Foi isso que Ana Cláudia Cohen, diretora há 4 anos, mas com 25 anos de serviço nesta escola, fez. Criou novas equipas pedagógicas, introduziu paragens no ano letivo que não existiam, e há momentos em que os alunos do 5.º ano não estão agrupados por turmas, mas antes por projetos. A semente desta ideia foi plantada há três anos, quando percebeu que era preciso mudar a forma de trabalhar com os alunos.

Ana Cláudia Cohen, diretora do agrupamento de escolas de Alcanena
“Em 2015, comecei a sentir, através de conversas com as minhas professoras do Pré-Escolar e do 1.º ciclo que os alunos estavam diferentes. Há quatro anos, a indisciplina que nos preocupava era entre os alunos do 3.º ciclo e do Secundário. De repente, ficou controlada nesses níveis etários e começámos a ver crianças do Pré-Escolar e do Básico cada vez mais agressivas e com comportamentos desajustados”, conta-nos Ana Cláudia Cohen.
Um novo dado juntou-se a este: as crianças aprendiam os mecanismos de leitura cada vez mais tarde e a diretora do agrupamento de escolas de Alcanena não hesitou. “Achei que devíamos fazer uma reflexão coletiva: questionarmos-nos como é que estamos a ensinar e como é que os alunos estão a aprender. E a nossa primeira tentativa foi com a Sala do Futuro, um espaço onde podemos respeitar o ritmo de cada um.”

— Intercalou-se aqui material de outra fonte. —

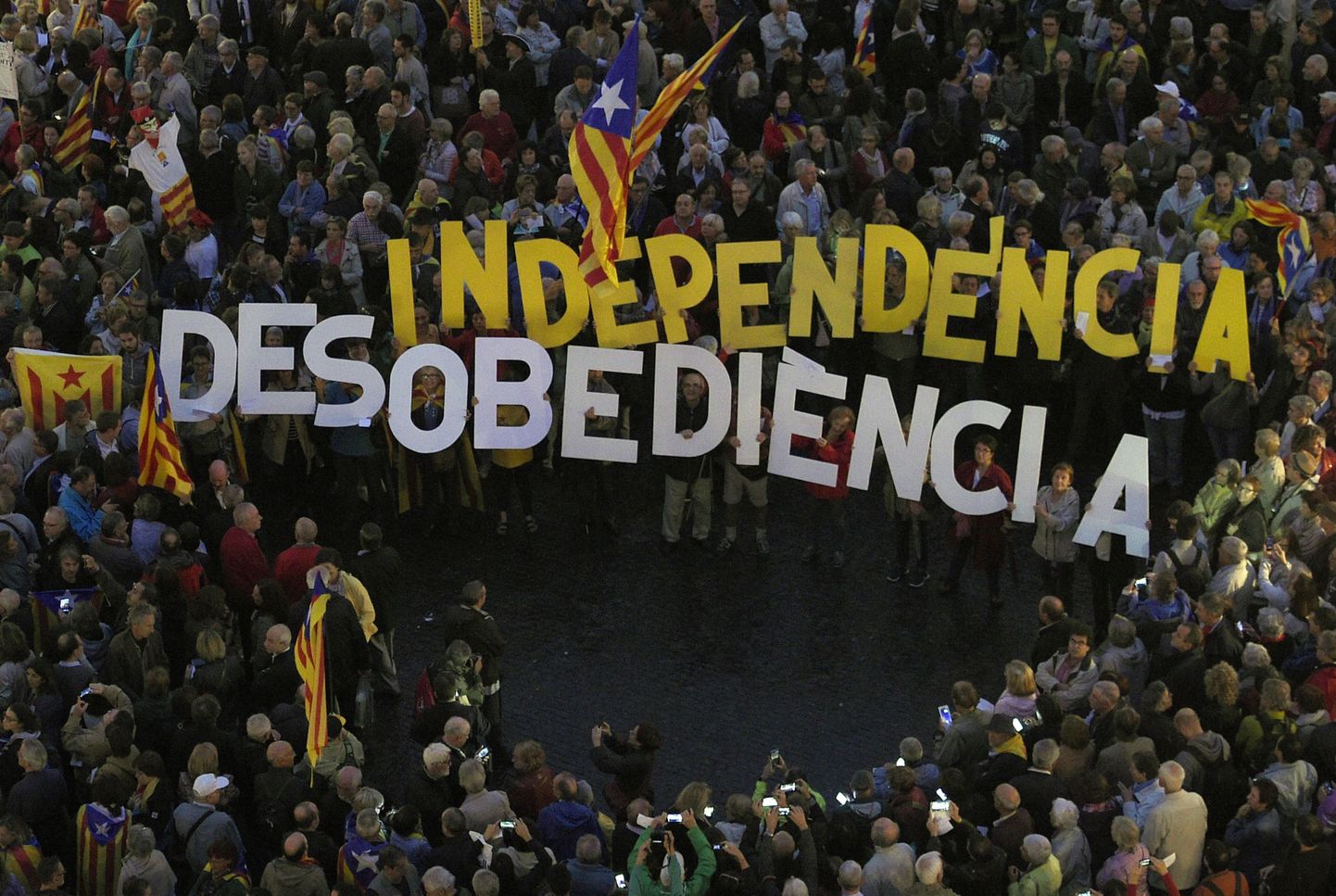 «Iseseisvus» ja «allumatus» ütlesid loosungid sel nädalal korra juba referendumi korraldajate kaitseks meeleavalduse korraldanud katalaanide käes.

A Escola Secundária de Alcanena é uma das várias escolas portuguesas onde foram inaugurados os Ambientes Educativos Inovadores, também conhecidos como Salas de Aulas do Futuro. Pretendem ser laboratórios de aprendizagem, espaços de inovação para a comunidade educativa e um sítio seguro para testar novos métodos de ensino.

Em Alcanena, professores e alunos tiveram formação e os estudantes são hoje os monitores-residentes, responsáveis pelo que se passa entre aquelas quatro paredes. Rafael, aluno do secundário, recebe-nos na sala e rapidamente nos mostra como uma mesa se transforma num gigantesco monitor. Ali, vemos uma aplicação que estes alunos criaram para ajudar os colegas do Básico nas suas aprendizagens. Num canto da sala, outro finalista do Secundário monta um robot, no canto oposto há mais dois alunos a estudar e um professor concentrado nas suas tarefas. E há ainda a zona de chill out, também pensada para alunos com necessidades educativas especiais.

Depois da Sala do Futuro, houve um outro momento decisivo para este agrupamento, quando em 2016 o atual ministro da Educação, Tiago Brandão Rodrigues, lançou o Programa Nacional de Promoção do Sucesso Escolar. A ideia base deste projeto é que são as comunidades educativas quem melhor conhece os seus alunos e, por isso, quem melhor pode elaborar planos de ação estratégica para melhorar aprendizagens.
“Com o Plano de Ação Estratégica, aprendemos a trabalhar em equipas pedagógicas. Estávamos habituados a pensar assim: se havia exames no 4.º ano, era aí que estavam todos os apoios. Erro estratégico. Aprendemos com o plano que nos devemos centrar nos primeiros anos do ciclo. E aprendemos que ter dois professores de Português — ou Inglês ou Matemática — para duas turmas, podendo os alunos estar agrupados consoante o seu desempenho, era positivo. Nestas três disciplinas não há turma, é consoante as necessidades deles. E começámos assim.”

"É outra forma de aprender. Fizemos muitas visitas de estudo, perdemos aulas com isso, mas ainda bem. Não deixamos de aprender e é muito mais fixe aprender assim."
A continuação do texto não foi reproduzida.